→ Available data
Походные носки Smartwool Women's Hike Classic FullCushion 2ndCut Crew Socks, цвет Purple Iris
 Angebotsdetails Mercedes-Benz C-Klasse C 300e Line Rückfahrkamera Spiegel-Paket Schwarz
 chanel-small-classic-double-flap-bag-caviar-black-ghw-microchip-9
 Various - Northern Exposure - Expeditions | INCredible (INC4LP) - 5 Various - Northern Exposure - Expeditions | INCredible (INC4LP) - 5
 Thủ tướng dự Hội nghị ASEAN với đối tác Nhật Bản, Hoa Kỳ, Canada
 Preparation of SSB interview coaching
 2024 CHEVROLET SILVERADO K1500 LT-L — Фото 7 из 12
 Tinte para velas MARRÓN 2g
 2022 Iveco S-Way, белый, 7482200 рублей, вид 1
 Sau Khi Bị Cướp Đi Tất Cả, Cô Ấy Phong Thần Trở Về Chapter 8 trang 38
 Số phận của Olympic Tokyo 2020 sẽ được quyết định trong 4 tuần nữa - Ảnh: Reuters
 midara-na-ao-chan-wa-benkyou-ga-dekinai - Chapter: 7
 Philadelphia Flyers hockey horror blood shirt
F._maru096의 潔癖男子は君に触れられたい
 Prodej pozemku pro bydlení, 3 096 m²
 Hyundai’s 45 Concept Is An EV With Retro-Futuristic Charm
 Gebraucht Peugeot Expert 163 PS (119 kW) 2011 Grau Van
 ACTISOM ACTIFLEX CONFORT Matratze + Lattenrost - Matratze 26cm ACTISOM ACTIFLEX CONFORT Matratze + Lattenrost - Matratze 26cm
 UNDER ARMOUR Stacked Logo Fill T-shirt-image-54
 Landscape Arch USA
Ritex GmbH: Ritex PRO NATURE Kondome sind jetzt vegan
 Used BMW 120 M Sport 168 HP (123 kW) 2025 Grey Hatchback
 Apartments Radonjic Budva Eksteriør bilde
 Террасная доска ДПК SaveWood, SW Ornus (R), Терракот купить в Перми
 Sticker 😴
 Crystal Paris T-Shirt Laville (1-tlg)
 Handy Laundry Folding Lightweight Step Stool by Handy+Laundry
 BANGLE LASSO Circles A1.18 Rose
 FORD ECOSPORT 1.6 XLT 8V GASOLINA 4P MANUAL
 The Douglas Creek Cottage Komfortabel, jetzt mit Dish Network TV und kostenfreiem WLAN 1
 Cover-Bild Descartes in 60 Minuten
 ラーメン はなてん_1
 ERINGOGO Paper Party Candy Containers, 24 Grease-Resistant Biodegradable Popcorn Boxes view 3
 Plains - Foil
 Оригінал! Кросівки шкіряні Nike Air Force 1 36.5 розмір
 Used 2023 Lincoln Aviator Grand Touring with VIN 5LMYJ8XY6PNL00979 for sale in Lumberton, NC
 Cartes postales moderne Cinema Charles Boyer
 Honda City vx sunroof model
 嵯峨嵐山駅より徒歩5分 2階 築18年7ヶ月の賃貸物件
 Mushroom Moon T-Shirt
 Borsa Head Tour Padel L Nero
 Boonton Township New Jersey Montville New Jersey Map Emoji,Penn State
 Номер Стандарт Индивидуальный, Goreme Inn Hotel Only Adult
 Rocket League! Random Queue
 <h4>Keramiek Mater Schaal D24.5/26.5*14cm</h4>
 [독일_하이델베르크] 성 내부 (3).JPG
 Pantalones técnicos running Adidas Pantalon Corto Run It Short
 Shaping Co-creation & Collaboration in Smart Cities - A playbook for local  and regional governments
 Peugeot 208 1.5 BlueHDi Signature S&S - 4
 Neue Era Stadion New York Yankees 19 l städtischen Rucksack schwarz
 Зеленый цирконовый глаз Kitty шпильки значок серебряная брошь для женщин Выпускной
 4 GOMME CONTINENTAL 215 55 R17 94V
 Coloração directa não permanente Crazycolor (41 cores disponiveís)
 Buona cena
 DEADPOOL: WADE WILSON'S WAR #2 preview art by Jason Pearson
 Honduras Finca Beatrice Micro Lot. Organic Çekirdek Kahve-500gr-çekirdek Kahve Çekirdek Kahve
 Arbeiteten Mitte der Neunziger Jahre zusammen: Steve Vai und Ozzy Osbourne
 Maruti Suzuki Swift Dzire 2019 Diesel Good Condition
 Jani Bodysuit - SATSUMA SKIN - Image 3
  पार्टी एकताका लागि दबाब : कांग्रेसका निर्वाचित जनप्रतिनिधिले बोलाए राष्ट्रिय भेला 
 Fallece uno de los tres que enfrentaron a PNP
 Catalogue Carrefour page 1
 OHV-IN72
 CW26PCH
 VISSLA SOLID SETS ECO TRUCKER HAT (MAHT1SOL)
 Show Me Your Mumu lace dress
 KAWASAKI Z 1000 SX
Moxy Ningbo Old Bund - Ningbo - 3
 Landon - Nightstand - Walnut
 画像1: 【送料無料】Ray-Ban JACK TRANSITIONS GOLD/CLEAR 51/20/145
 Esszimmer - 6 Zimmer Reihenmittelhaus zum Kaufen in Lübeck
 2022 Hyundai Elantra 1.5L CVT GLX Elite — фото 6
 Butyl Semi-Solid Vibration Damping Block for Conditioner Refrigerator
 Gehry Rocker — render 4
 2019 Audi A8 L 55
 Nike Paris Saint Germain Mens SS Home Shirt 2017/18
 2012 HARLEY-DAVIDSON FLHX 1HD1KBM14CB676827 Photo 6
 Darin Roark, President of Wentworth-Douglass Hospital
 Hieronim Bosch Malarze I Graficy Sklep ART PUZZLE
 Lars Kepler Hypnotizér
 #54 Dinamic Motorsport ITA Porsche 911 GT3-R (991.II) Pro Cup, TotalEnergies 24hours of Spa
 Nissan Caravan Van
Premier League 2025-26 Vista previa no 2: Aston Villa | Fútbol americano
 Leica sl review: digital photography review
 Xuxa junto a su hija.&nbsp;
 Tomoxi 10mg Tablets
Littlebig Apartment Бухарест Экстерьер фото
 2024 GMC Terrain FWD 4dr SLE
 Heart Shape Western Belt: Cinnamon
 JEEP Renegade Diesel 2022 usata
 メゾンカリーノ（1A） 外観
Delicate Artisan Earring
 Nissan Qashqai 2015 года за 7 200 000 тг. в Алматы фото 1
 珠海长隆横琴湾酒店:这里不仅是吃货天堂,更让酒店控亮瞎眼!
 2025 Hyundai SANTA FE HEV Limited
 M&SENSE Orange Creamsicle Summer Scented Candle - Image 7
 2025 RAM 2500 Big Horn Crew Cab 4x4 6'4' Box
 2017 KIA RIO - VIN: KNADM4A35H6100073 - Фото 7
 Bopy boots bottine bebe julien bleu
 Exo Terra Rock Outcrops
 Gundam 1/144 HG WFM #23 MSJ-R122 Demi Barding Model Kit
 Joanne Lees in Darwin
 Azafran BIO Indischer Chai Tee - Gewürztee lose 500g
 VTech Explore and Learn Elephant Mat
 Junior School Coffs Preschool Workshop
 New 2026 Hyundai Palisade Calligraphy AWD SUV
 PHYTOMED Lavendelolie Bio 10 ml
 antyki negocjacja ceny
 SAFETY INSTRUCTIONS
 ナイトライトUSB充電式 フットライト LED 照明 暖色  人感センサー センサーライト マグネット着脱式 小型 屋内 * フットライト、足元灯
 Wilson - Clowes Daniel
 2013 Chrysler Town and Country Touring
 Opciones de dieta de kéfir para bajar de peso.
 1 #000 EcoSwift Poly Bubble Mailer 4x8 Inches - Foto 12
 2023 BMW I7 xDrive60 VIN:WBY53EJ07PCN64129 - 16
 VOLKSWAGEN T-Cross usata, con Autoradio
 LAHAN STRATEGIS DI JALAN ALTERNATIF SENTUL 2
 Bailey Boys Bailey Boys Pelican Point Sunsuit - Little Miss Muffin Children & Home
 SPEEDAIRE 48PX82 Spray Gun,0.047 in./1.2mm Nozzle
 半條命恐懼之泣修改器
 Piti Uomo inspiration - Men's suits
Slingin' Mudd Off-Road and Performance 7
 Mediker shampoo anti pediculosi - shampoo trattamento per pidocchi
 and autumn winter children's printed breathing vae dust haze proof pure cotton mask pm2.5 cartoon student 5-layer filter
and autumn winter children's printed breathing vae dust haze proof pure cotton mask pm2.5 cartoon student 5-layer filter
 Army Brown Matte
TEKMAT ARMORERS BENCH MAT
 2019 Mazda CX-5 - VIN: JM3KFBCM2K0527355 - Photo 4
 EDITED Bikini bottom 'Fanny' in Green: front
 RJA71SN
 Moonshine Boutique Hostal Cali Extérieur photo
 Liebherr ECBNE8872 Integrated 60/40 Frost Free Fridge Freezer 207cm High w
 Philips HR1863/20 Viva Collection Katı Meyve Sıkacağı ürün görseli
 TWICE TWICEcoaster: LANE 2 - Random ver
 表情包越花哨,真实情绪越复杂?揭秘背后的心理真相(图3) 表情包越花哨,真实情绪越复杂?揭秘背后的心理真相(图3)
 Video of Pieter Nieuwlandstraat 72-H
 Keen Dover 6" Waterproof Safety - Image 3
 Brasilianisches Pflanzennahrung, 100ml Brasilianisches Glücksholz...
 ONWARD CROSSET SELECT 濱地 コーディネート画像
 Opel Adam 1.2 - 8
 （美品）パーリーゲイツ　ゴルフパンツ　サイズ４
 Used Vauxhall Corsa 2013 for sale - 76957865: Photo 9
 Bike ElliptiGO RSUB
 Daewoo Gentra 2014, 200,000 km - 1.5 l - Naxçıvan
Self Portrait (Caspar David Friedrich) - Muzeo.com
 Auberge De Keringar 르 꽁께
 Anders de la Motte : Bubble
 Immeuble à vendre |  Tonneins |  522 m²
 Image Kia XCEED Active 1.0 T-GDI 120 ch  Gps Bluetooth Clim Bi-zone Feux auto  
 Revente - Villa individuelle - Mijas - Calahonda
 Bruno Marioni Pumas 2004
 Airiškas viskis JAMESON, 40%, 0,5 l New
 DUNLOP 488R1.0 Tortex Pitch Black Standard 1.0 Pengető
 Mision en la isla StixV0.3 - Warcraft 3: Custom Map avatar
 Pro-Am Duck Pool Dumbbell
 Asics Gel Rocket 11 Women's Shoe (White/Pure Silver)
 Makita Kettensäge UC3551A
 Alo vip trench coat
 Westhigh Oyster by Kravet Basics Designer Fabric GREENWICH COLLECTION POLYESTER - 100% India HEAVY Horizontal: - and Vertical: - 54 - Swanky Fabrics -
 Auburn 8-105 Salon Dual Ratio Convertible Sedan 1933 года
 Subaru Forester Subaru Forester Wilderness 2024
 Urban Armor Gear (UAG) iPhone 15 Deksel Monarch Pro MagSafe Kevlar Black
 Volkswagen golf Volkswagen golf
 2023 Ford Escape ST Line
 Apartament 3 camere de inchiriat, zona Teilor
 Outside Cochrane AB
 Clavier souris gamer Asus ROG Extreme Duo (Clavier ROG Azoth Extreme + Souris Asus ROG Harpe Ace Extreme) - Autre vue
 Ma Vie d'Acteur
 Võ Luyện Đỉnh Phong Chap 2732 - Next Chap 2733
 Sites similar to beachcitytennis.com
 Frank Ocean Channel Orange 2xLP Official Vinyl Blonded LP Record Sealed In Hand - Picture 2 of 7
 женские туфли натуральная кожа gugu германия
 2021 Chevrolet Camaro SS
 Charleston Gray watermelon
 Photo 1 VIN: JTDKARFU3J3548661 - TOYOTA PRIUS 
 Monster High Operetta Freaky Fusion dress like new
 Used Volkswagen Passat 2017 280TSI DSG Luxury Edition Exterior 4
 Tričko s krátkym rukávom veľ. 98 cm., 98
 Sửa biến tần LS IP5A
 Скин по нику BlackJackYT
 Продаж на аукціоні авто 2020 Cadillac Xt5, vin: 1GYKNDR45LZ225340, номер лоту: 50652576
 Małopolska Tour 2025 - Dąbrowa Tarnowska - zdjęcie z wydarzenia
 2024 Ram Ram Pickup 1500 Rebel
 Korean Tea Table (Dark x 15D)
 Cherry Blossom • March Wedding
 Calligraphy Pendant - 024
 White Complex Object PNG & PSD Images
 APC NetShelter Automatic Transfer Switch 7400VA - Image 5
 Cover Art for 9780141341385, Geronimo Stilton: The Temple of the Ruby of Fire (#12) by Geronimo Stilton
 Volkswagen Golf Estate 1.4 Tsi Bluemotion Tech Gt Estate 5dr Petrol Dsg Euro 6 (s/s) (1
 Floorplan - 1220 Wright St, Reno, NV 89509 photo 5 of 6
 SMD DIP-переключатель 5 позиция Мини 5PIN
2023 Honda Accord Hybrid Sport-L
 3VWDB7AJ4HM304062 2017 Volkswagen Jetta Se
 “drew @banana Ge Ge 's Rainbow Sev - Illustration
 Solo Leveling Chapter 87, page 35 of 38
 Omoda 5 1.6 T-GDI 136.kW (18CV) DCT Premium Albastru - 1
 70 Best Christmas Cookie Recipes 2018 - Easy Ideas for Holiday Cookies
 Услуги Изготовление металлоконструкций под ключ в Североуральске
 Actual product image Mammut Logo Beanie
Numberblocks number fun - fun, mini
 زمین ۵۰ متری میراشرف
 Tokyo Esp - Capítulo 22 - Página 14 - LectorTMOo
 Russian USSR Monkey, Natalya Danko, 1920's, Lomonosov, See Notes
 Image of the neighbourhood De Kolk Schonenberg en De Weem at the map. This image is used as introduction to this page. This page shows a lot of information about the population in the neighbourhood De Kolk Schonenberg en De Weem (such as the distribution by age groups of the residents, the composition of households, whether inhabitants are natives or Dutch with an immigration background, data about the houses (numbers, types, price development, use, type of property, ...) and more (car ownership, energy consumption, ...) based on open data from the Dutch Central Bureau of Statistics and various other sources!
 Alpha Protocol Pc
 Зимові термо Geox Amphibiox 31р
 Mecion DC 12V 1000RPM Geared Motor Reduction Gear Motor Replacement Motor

→ What you will do
Each line of the listing that includes the word "Peugeot" should be copied out.

→ Exercise answer
 Gebraucht Peugeot Expert 163 PS (119 kW) 2011 Grau Van
 Peugeot 208 1.5 BlueHDi Signature S&S - 4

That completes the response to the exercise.